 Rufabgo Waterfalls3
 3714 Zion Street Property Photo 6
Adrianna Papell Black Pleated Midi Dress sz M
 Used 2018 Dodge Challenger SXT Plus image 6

---

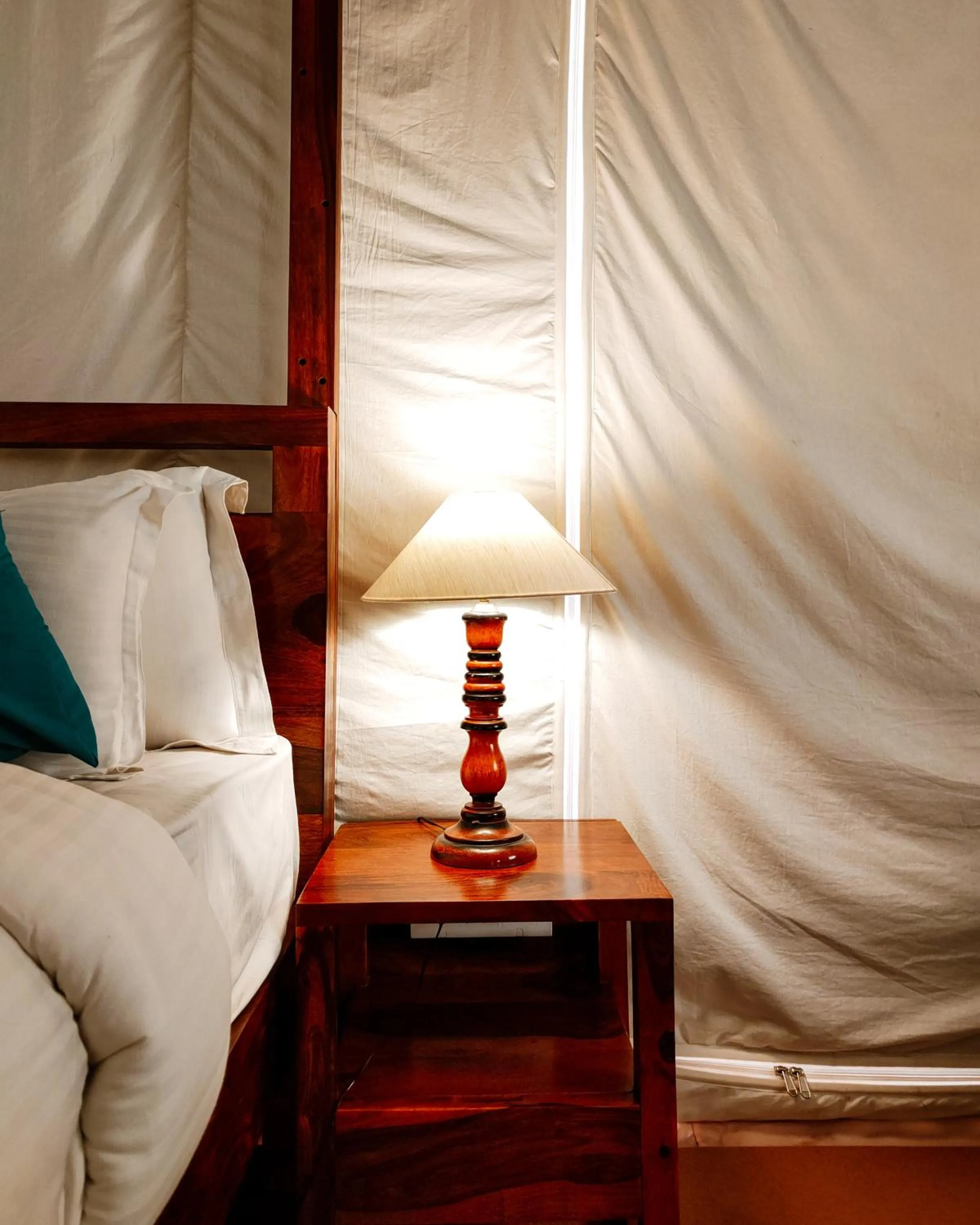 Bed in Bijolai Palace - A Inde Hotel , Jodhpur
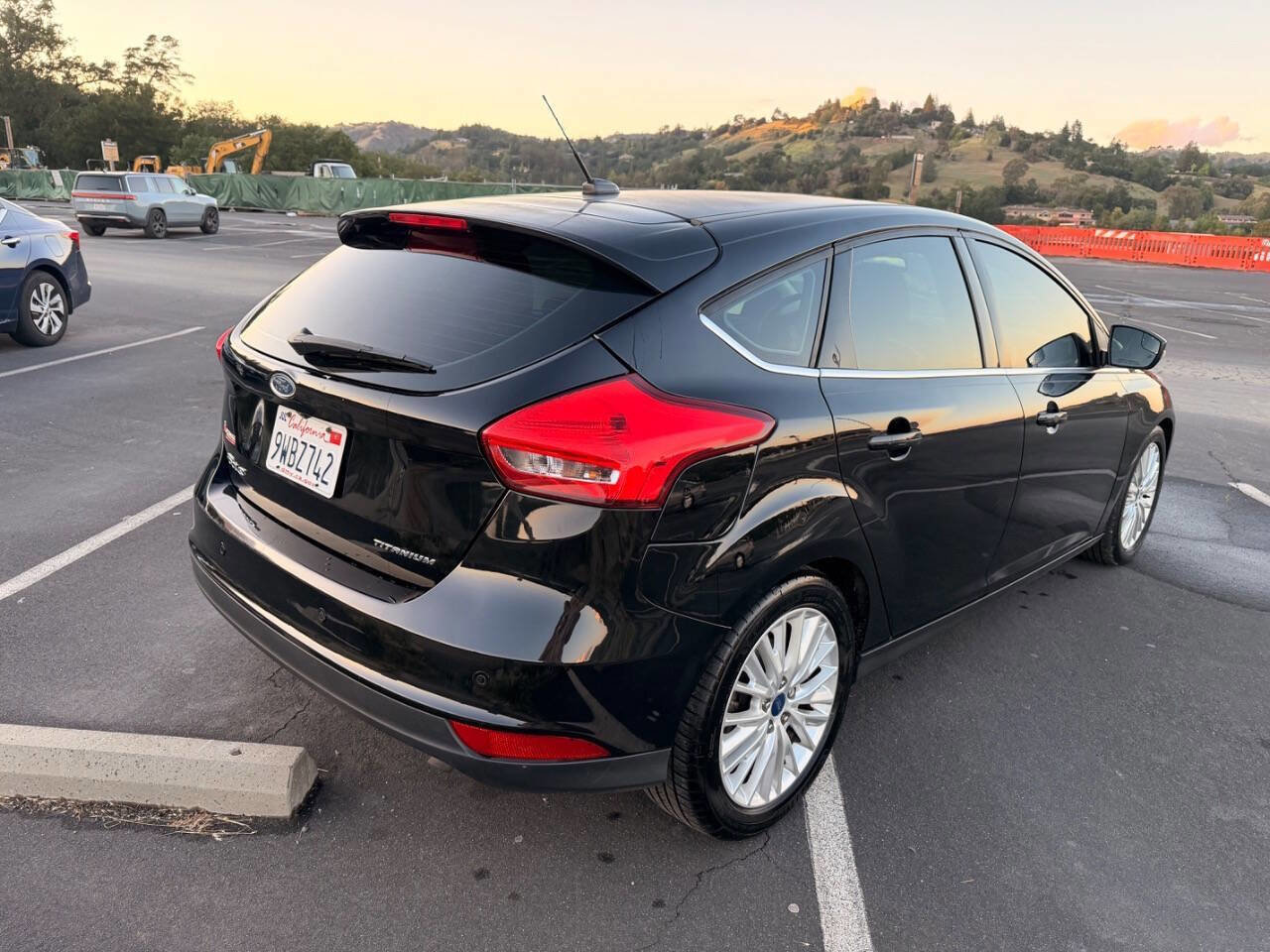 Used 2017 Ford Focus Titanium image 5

...

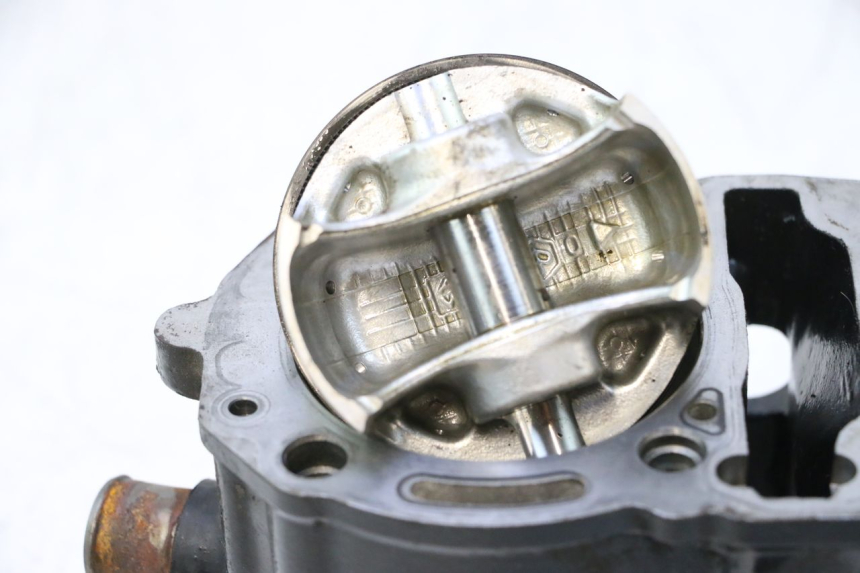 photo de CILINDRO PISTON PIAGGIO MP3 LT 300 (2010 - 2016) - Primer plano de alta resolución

ABOUT THIS TASK: From the data above, return exactly the lines from the one with "Bed in Bijolai" up to and including the one with "Used 2017 Ford Focus Titanium image 5". Pictures do not go in the copy.

TASK ANSWER:
 Bed in Bijolai Palace - A Inde Hotel , Jodhpur
 Used 2017 Ford Focus Titanium image 5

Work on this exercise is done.